This likely comes as no surprise to you, but I come from a long line of strong women.  My paternal grandmother, the matriarch of the family, was so intimidating that most of us grandchildren were a little bit afraid of her.  But she was likely the only minister’s wife of her time who refused to play the stereotypical minister’s wife role, teaching one parish after another how to respect her personhood.  My maternal grandmother was widowed when she had five young children.  I knew her as a gentle, kind soul, but I know she must have been tough as nails to survive that time as a struggling single mother in the rural south.  My mother, who had to restart her own business every time my father was assigned to a new church, managed to help her children and herself thrive in every new place she was planted.  I, in my wisdom, married a man who also came from a long line of strong women – independent, fierce, wise women who navigated all sorts of challenges.  I suppose I should be grateful then for the fierce, smart, sometimes annoyingly stubborn young women we are raising in our own home.  I keep reminding myself that they come by their strength honestly.

But the story from Exodus today reminds us that we all come from a long line of strong women.  We all know the story of one of our most prominent forefathers, Moses.  Saved from a ride in a river basket, called by a burning bush, reigning down plagues until God’s people are freed from slavery, walking God’s people through the Red Sea, guiding the Israelite’s to the Promised Land, delivering our foundational Ten Commandments, and even appearing to Jesus on the Mountain of the Transfiguration.  But Moses would not be any of those things but for the strong five women we hear about today.

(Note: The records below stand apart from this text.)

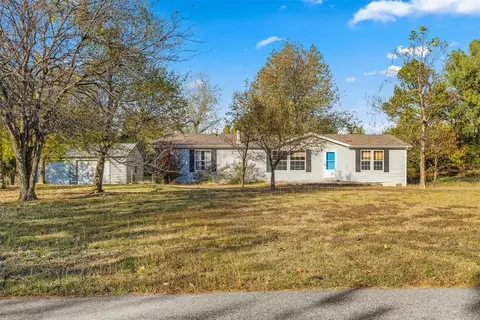 121 Englebretson Ln, Tuttle, OK 73089 photo 2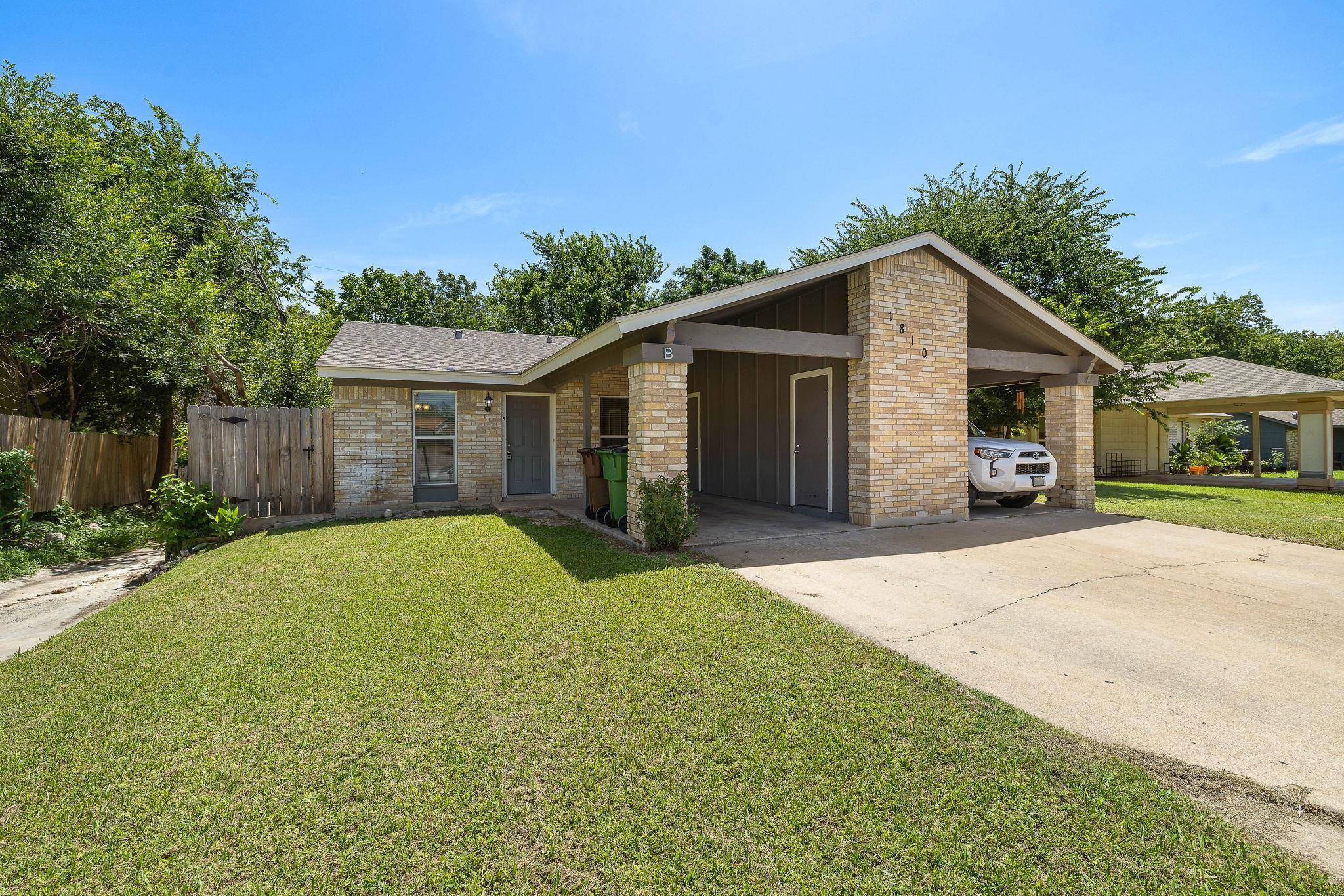 1810 Nicole CIR #A & B, Round Rock, TX 78664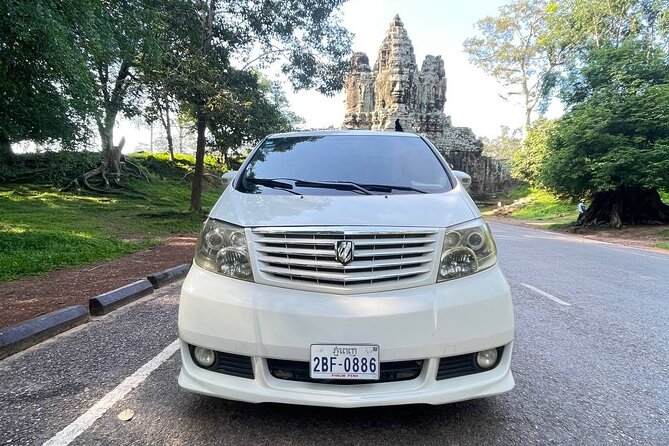 Private Transfer from Phnom Penh to Siem Reap by VIP Alphard 2005 - Inside the 2005 Toyota Alphard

Before we hear Moses’ story, today we hear the story of his foremothers.  The reading from Exodus starts ominously, “Now a new king arose over Egypt, who did not know Joseph.”  In other words, the new king, the new pharaoh, does not know the story of how Joseph saved Egypt from famine, and began a symbiotic, peaceful relationship with the Israelites.  Now, the new pharaoh only sees the sheer number of foreigners on his land and he is afraid.  He is afraid they will revolt; he is afraid of their strength in numbers; and in his fear he introduces chaos:  enslavement, oppression, and murderous, violent death.[i] 

In the midst of the chaos and violence Pharaoh causes for the Israelites, two midwives, Shiphrah and Puah, change the course of an administration.  Pharoah calls these two women – women who would normally never even meet a man of such power and influence – to conspire with him for evil.  Doing anything other than his wishes would surely result in not only their own deaths, but also maybe the suffering of their families and loved ones.  But Shiphrah and Puah – who if you notice the text lists by name, while leaving the pharaoh unnamed (a biblical signal of importance)[ii] – Shiphrah and Puah decide they will defy the pharaoh, refusing to murder the male children of the Hebrews.  But not only that, when the pharaoh calls them back into his presence, the women do not cave under pressure, or even seem to be afraid of Pharaoh. Instead, they defy Pharaoh again, making up some crafty story about Hebrew women’s vigorous birthing practices, manipulating pharaoh’s stereotypes and fears of the Hebrews to save children’s lives.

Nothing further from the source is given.